▶ **Problem to work on**: Reproduce every entry below precisely; do not include the pictures.

▶ **Supplied entries**:
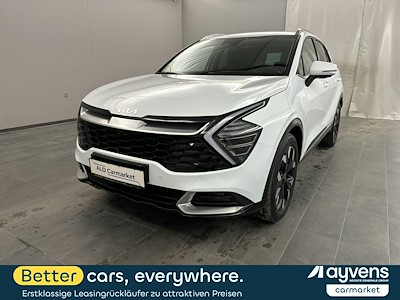 Kia Sportage 1.6 T-GDI AWD Plug-in Hybrid Paket Spirit Geschlossen, 5-turig, Automatik, 6-Gang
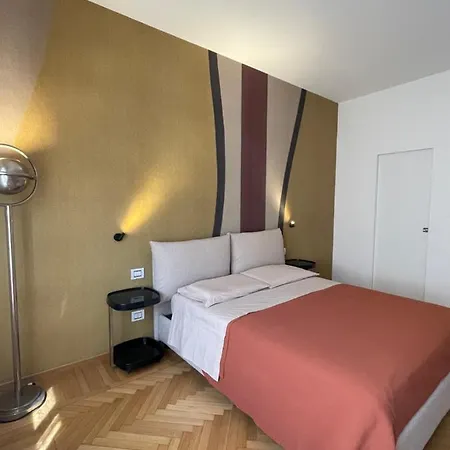 Anna בית הארחה בארי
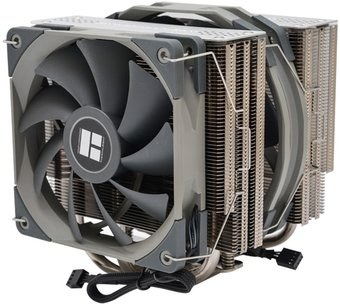 Кулер для процессора Thermalright Frost Spirit 140 - 1/1
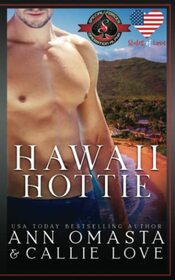 Hawaii Hottie (Special Forces: Operation Alpha: - States of Love -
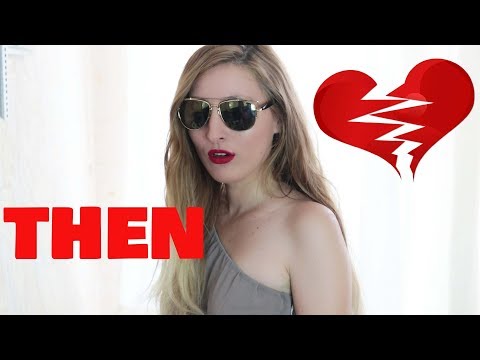 Anne-Marie - Then (Cover by Bogdana Petrova)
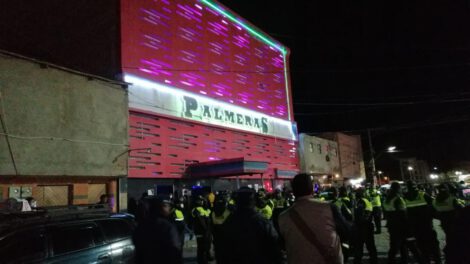 Traslado de lenocinios genera preocupación en vecinos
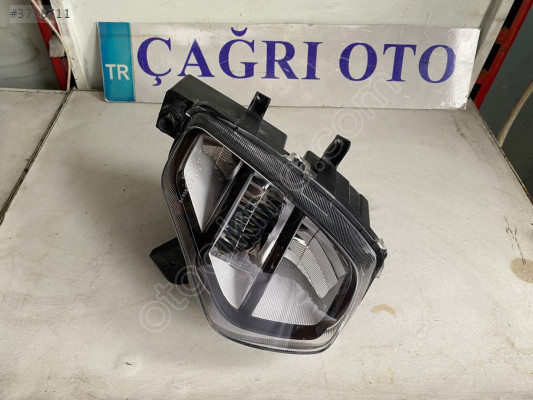 TAİGO SAĞ SİS FARI 2G7941662 ÇAĞRI OTO MASLAK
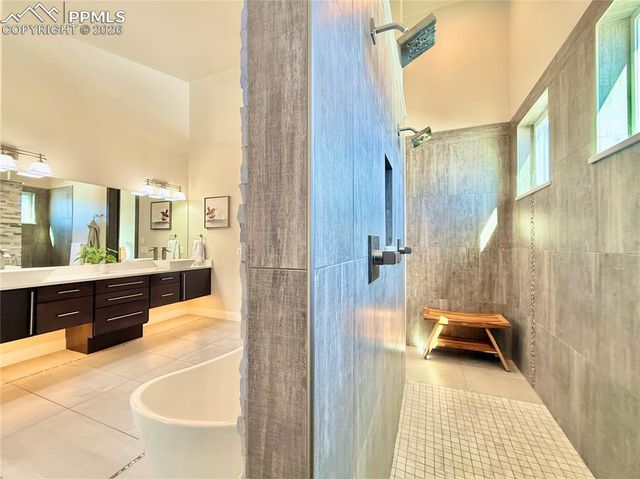 17364 Pond View Place, Colorado Springs, CO 80908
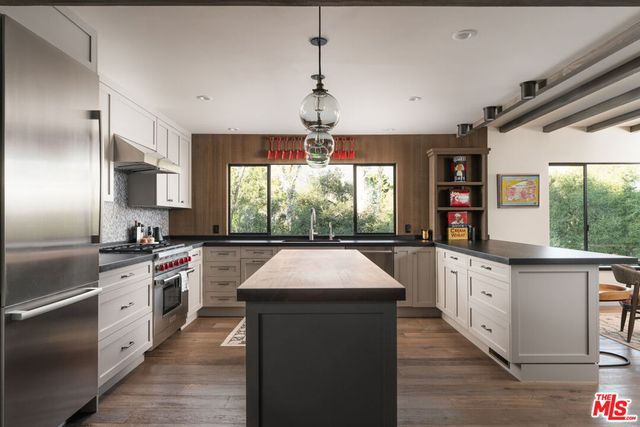 1103 Camino Viejo Road, Santa Barbara, CA 93108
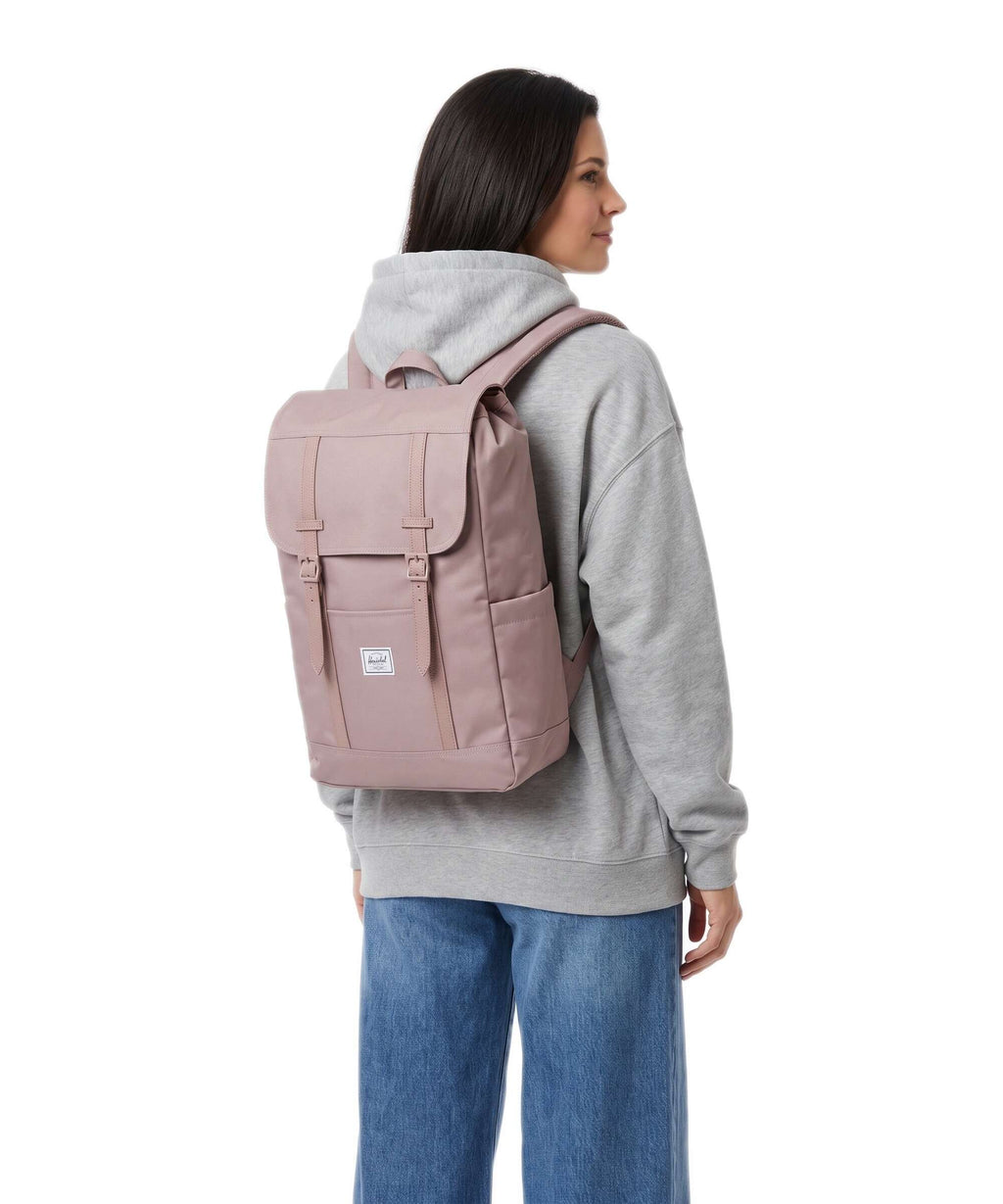 Herschel Retreat 23 Backpack ash rose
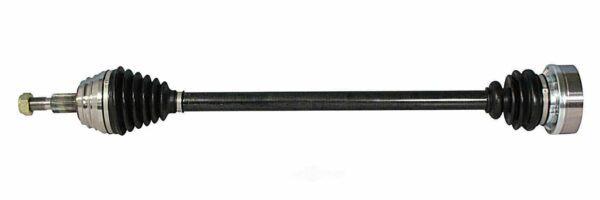 CV Axle Passenger Side Volkswagen Jetta 1999-2005 Mt V6 2.8L , NCV72010 - Image 2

▶ **Solution to this problem**:
 Kia Sportage 1.6 T-GDI AWD Plug-in Hybrid Paket Spirit Geschlossen, 5-turig, Automatik, 6-Gang
 Anna בית הארחה בארי
 Кулер для процессора Thermalright Frost Spirit 140 - 1/1
 Hawaii Hottie (Special Forces: Operation Alpha: - States of Love -
 Anne-Marie - Then (Cover by Bogdana Petrova)
 Traslado de lenocinios genera preocupación en vecinos
 TAİGO SAĞ SİS FARI 2G7941662 ÇAĞRI OTO MASLAK
 17364 Pond View Place, Colorado Springs, CO 80908
 1103 Camino Viejo Road, Santa Barbara, CA 93108
 Herschel Retreat 23 Backpack ash rose
 CV Axle Passenger Side Volkswagen Jetta 1999-2005 Mt V6 2.8L , NCV72010 - Image 2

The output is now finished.